The Hedge Fund industry is often perceived as unregulated. It is actually not the case. In fact, since the onset of the financial crisis, major regulatory measures in the US and Europe have completely modified the industry landscape. AIFMD (Europe) and Dodd-Frank (US) have defined the basis for regulation of the Industry and have led to an unprecedented set of rules and costs for what was once a close to non-regulated industry. This has considerably impacted the costs of running a hedge fund. The average costs for implementing the most recent rules has been 700000$ for a small fund manager, 6m$ for medium-sized one and 14m$ for the largest. Hedge funds have spent 4bn$ meeting compliance costs associated with new regulations since 2008, equating to roughly a 10 percent increase in their annual operating costs. This sounds like large amounts but those investments will pay off from a competitive standpoint in the future.
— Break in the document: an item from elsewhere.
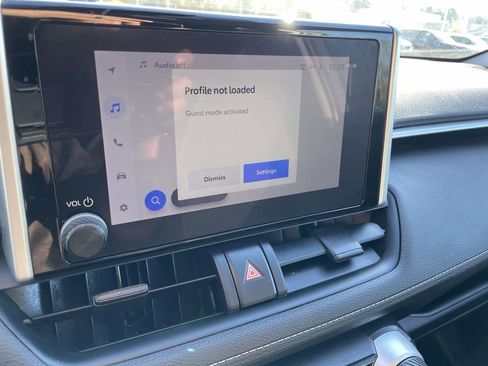 Used 2023 Toyota RAV4 XLE image 39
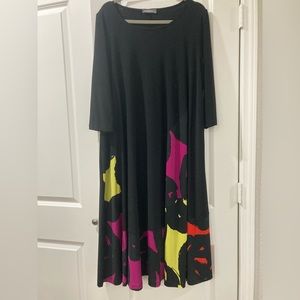 Alembika trapeze dress, ankle length, Size 6 (equivalent to women’s size 18/20.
In parallel to those regulatory changes and corresponding costs incurred by the funds, the industry’s investor base has changed dramatically, shifting from high-net-worth individuals to institutions such as pension funds and endowments. The industry’s new investors are more conservative in nature and more inclined to invest with managers with proven track records and compliant regulatory oversight.
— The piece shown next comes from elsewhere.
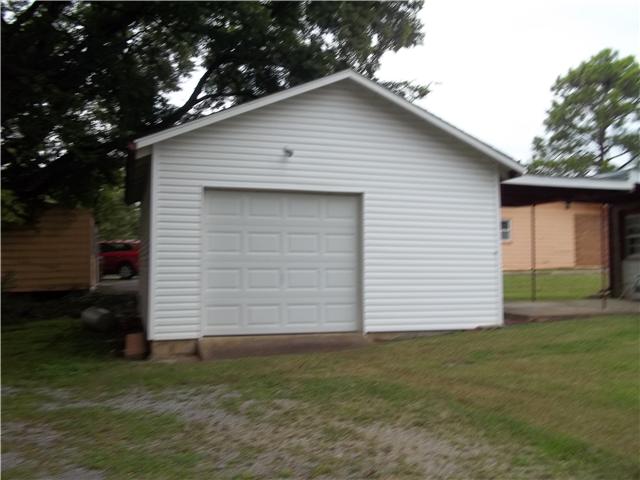 616 Larkin Springs Road Madison, TN 37115 - Photo 3 of 18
In the US, with the new provisions in the Dodd-Frank reforms, the largest overhaul of US financial regulation since the 1940s, hedge funds must register with the Securities and Exchange Commission for the first time. Complying with the SEC, Dodd-Frank and AIFMD directives means that investors will feel more confident investing on those hedge funds that are up-to-speed with the new regulatory frameworks. However, for smaller hedge fund firms, the opportunity of compliance is less easily grasped. Indeed, large managers can better absorb the costs of new regulations but smaller managers may find this task more challenging. It is fair to say that the industry and investors actually need large, medium and small hedge fund managers. Often, the small boutiques are the ones that actually drive innovation. In a way, it is a balance between the “too-big-to fail” players (those with established track records and that can raise funds more easily) and the “too-small-to-succeed” ones (those that struggle to survive but that are often more innovative and cost-effective). Overall, the new regulations have heightened barriers to entry into the Industry.
This trend is actually reflected into the direction taken by money inflows. In fact, the largest hedge fund money managers have captured the biggest chunk of money inflows since the financial crisis of 2007-2008 whereas starting up a hedge fund has never been so difficult (the 2.4 tn$ in global assets of the hedge fund industry is managed by just 389 funds in a universe of more than 7000).
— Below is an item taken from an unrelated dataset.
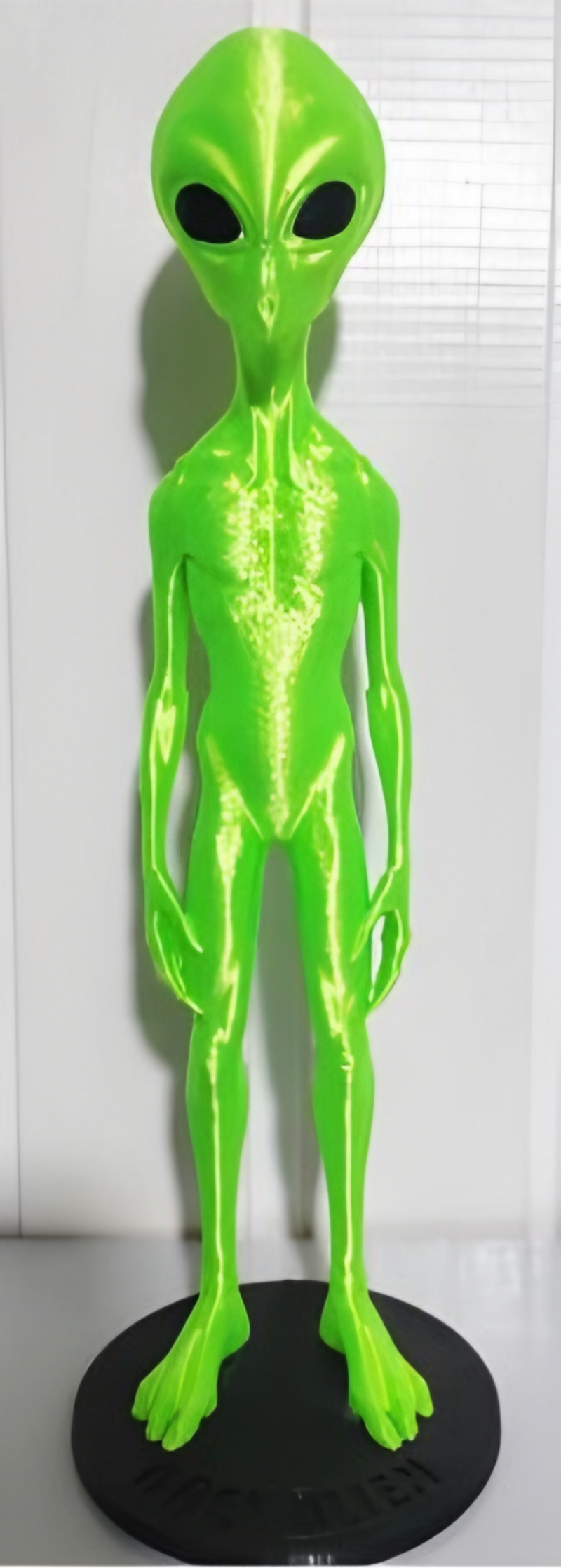 Boneco Decorativo Alienígena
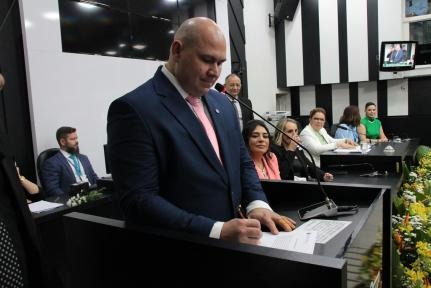 Resultado ou privilégio? Abilio sanciona pacote da Câmara que amplia assessores e permite férias em dinheiro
Hedge Funds are now strictly regulated by a range of methods worldwide.
In the US, Dodd Frank Wall Street Reform and the Consumer Protection Act of 2010 change the regulatory structure of the financial services industry. Hedge funds with more than 150 MUSD in assets are now required to register with the SEC. Most Commodity pool operators and commodity trading advisers must register with CFTC. In this regulatory environment, it is interesting to mention the Jumpstart Our Business Startups (JOBS) Act of 2012, which removes a prior ban on general solicitation and advertising by companies conducting private offerings – including hedge funds, provided the funds are only sold to sophisticated investors with net worth over 2.5MUSD.
Counterparties, such as banks and insurance companies, that are trading over-the-counter (“OTC”) derivatives with hedge funds may be deemed a “swap dealer”, “security-based swap dealer”, “major swap participant” or “major security-based swap participant” and thus would be subject to registration with, and comprehensive derivatives regulation by, the Commodity Futures Trading Commission (CFTC) for “swaps” and by the SEC for “security-based swaps”.